For decades, NASA’s exploration of the solar system has been dominated by the search for water in places like Europa, because as far as we know, water is essential for life.

It may come as a surprise, then, that scientists don’t really know how water first arrived here on Earth.

For years, the top theory was that water came to our planet via comets — objects made of frozen matter that orbit the sun, often decorated with sparkling tails. In all likelihood, these icy relics, which came into being at the dawn of the solar system, did bring water with them when they rained down on a primeval Earth. But in recent years, several spacecraft caught up to comets to examine them. What they found was that cometary water didn’t match ours; the chemical signatures were different.

After that, “comets sort of fell out of favor,” said Ashley King, a meteoriticist at the Natural History Museum in London. Asteroids — rockier and more metal-rich than comets — then became the most popular choice. Asteroids impact Earth far more frequently than comets do, and their water reserves (while not as voluminous as those of comets) look a lot more like those on our planet.

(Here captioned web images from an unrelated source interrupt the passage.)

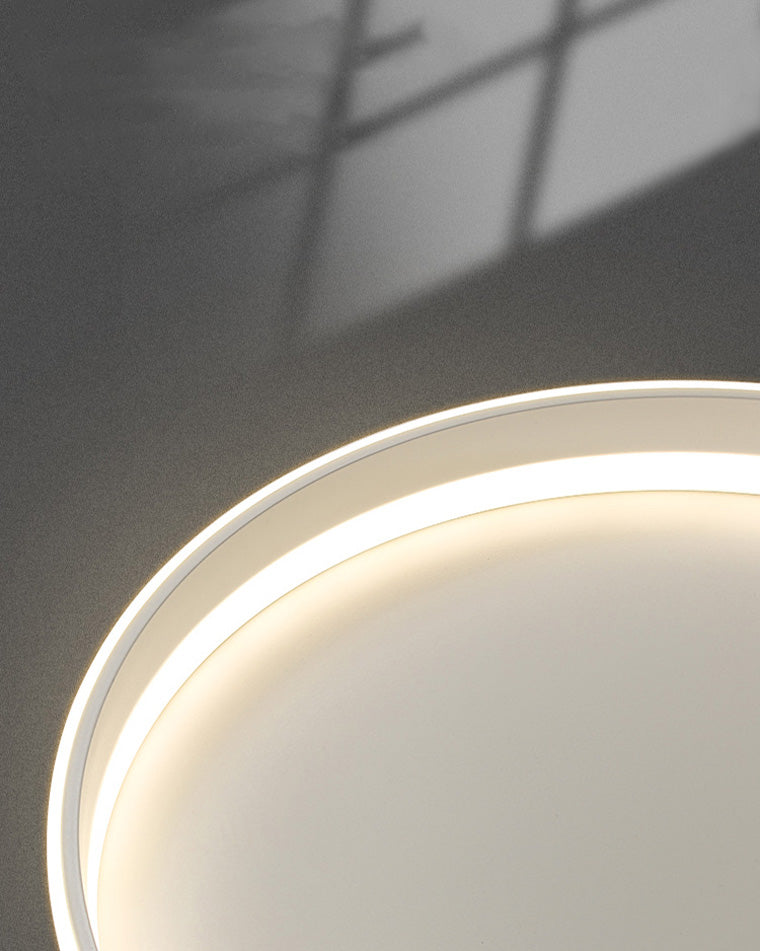 Ceiling Light LED 15.7 in Modern Remote Controlled Bedroom Living Room Fixture | Thomler
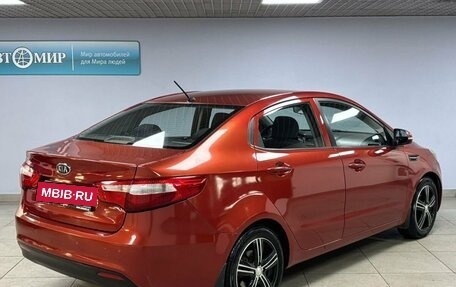 KIA Rio III рестайлинг, 2011 год, 705 000 рублей, 5 фотография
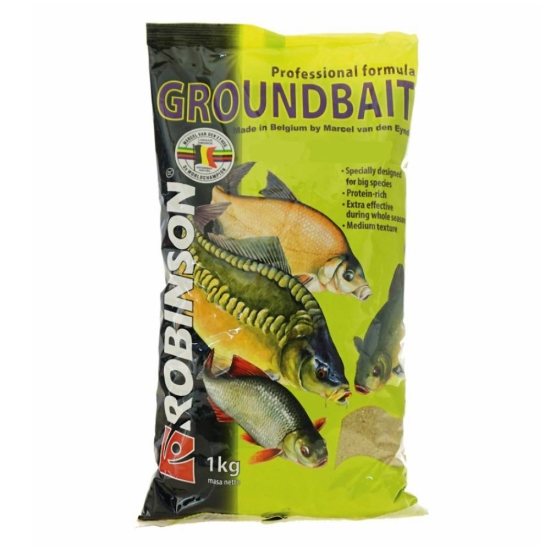 Zanęta Robinson Mvde Carp Natural 1KG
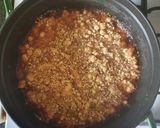 A picture of step 4 of Granny Smith Apple Crumble.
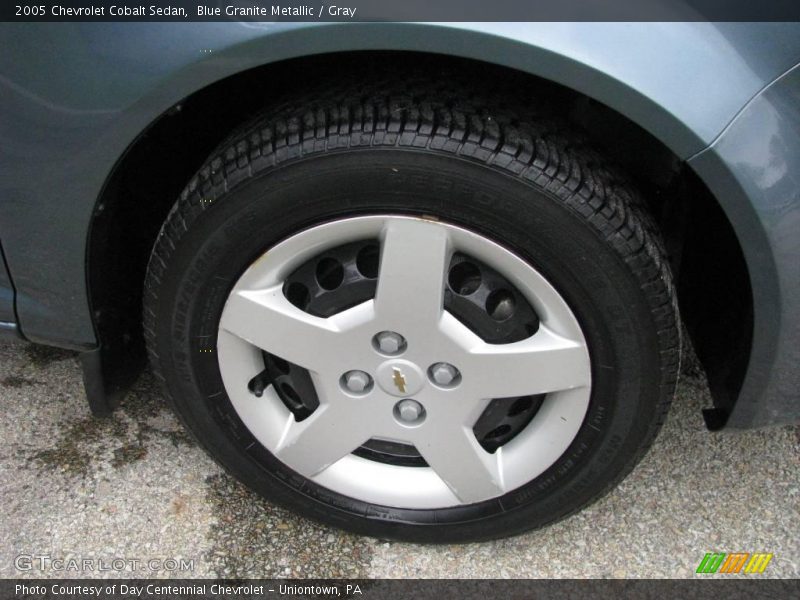 Blue Granite Metallic / Gray 2005 Chevrolet Cobalt Sedan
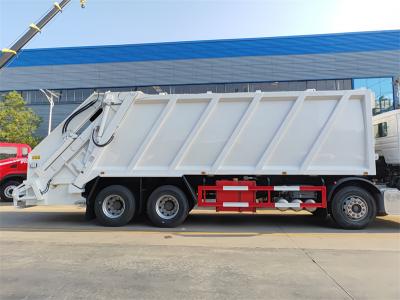 HOWO NX371 35CBM rear loader compactor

But asteroids have their own problems, and a radical new idea about planetary water is gaining steam. Through careful observation of worlds orbiting other stars, along with some explosive laboratory experiments involving diamond anvils and lasers, scientists have realized that rocky planets like Earth have a way to make water all by themselves. All you need is an ocean of magma, a whole lot of hydrogen, and a little bit of geological alchemy.